_Work order_
Below are the records to retype. Keep every character exactly and leave out the pictures.

(Brief descriptive captions)
========
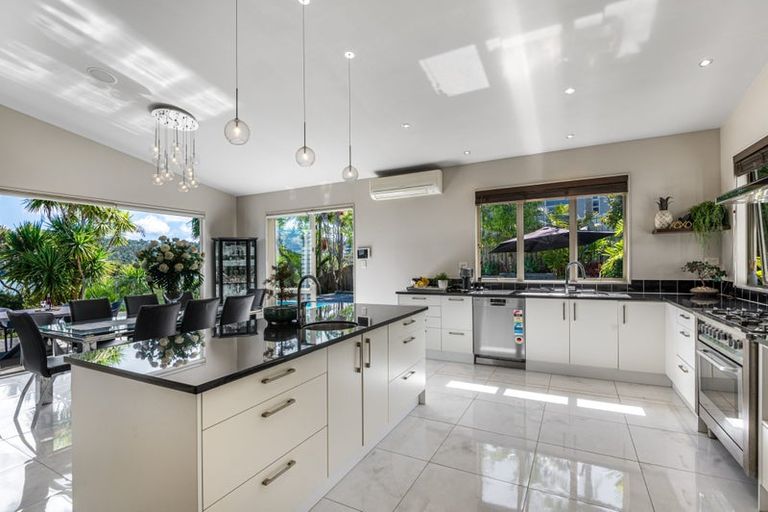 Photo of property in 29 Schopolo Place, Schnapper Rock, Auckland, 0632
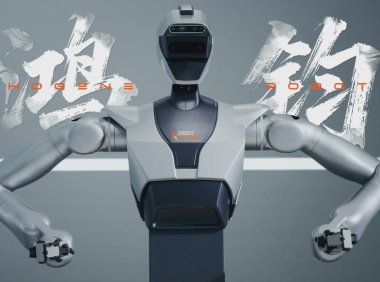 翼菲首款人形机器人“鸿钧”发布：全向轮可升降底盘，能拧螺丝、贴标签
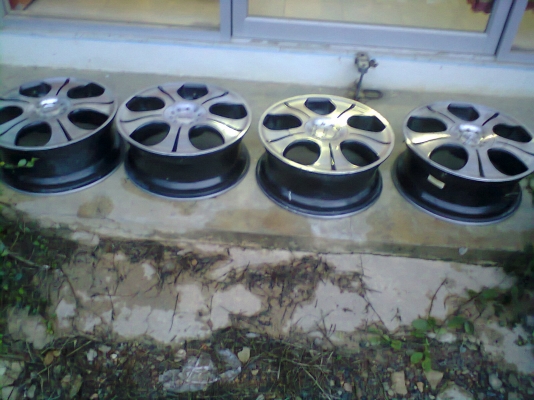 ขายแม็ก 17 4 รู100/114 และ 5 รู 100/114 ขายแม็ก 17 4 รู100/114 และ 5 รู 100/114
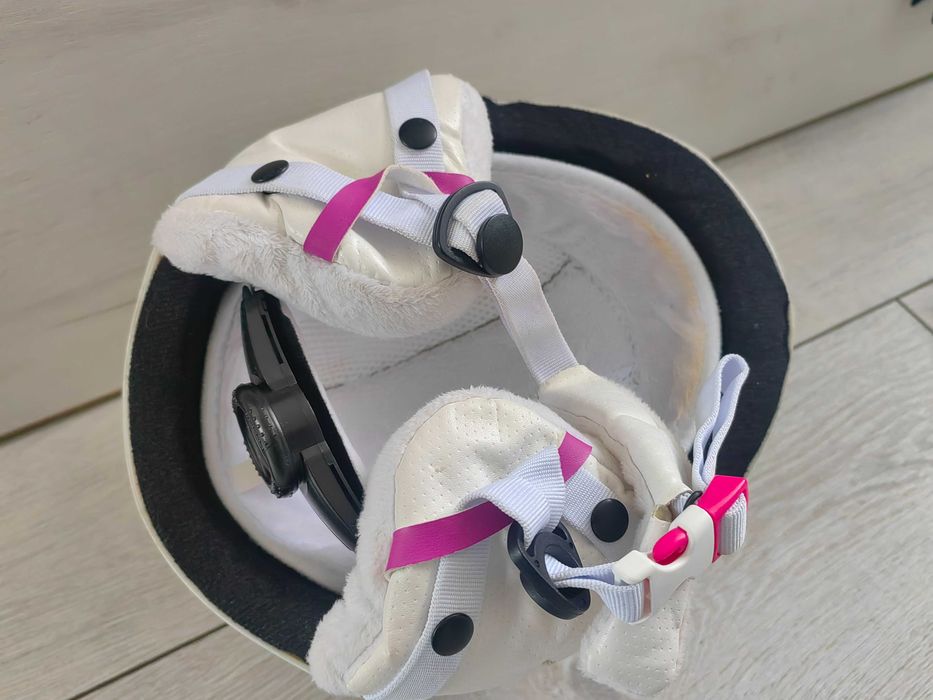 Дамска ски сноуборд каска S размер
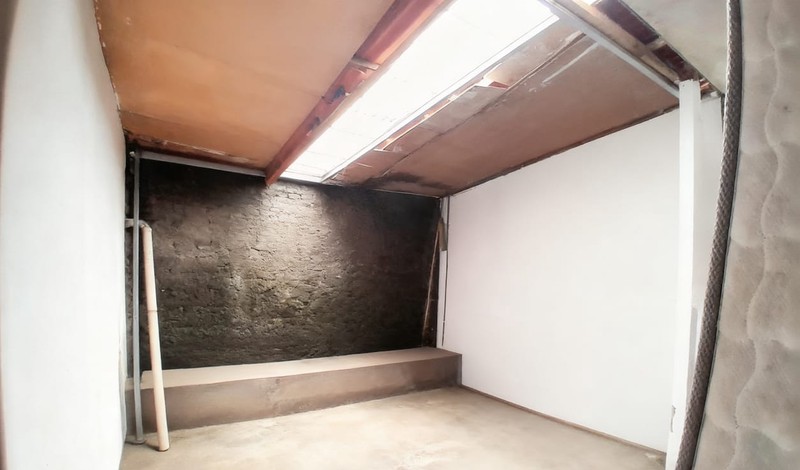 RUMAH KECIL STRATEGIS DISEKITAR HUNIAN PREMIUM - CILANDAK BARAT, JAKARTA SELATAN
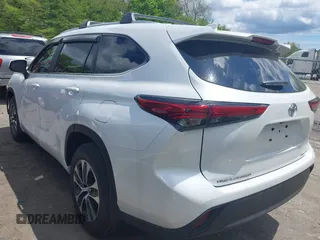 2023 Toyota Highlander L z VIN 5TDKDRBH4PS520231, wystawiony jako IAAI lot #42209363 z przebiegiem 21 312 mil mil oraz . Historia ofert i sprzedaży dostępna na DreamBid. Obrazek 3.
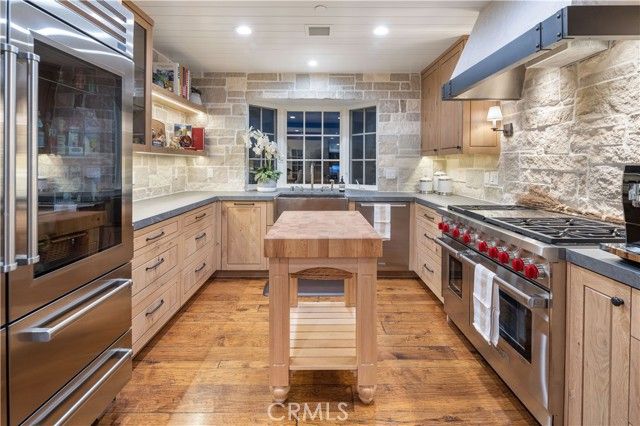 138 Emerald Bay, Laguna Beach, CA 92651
========
_Exercise output_
 Photo of property in 29 Schopolo Place, Schnapper Rock, Auckland, 0632
 翼菲首款人形机器人“鸿钧”发布：全向轮可升降底盘，能拧螺丝、贴标签
 ขายแม็ก 17 4 รู100/114 และ 5 รู 100/114 ขายแม็ก 17 4 รู100/114 และ 5 รู 100/114
 Дамска ски сноуборд каска S размер
 RUMAH KECIL STRATEGIS DISEKITAR HUNIAN PREMIUM - CILANDAK BARAT, JAKARTA SELATAN
 2023 Toyota Highlander L z VIN 5TDKDRBH4PS520231, wystawiony jako IAAI lot #42209363 z przebiegiem 21 312 mil mil oraz . Historia ofert i sprzedaży dostępna na DreamBid. Obrazek 3.
 138 Emerald Bay, Laguna Beach, CA 92651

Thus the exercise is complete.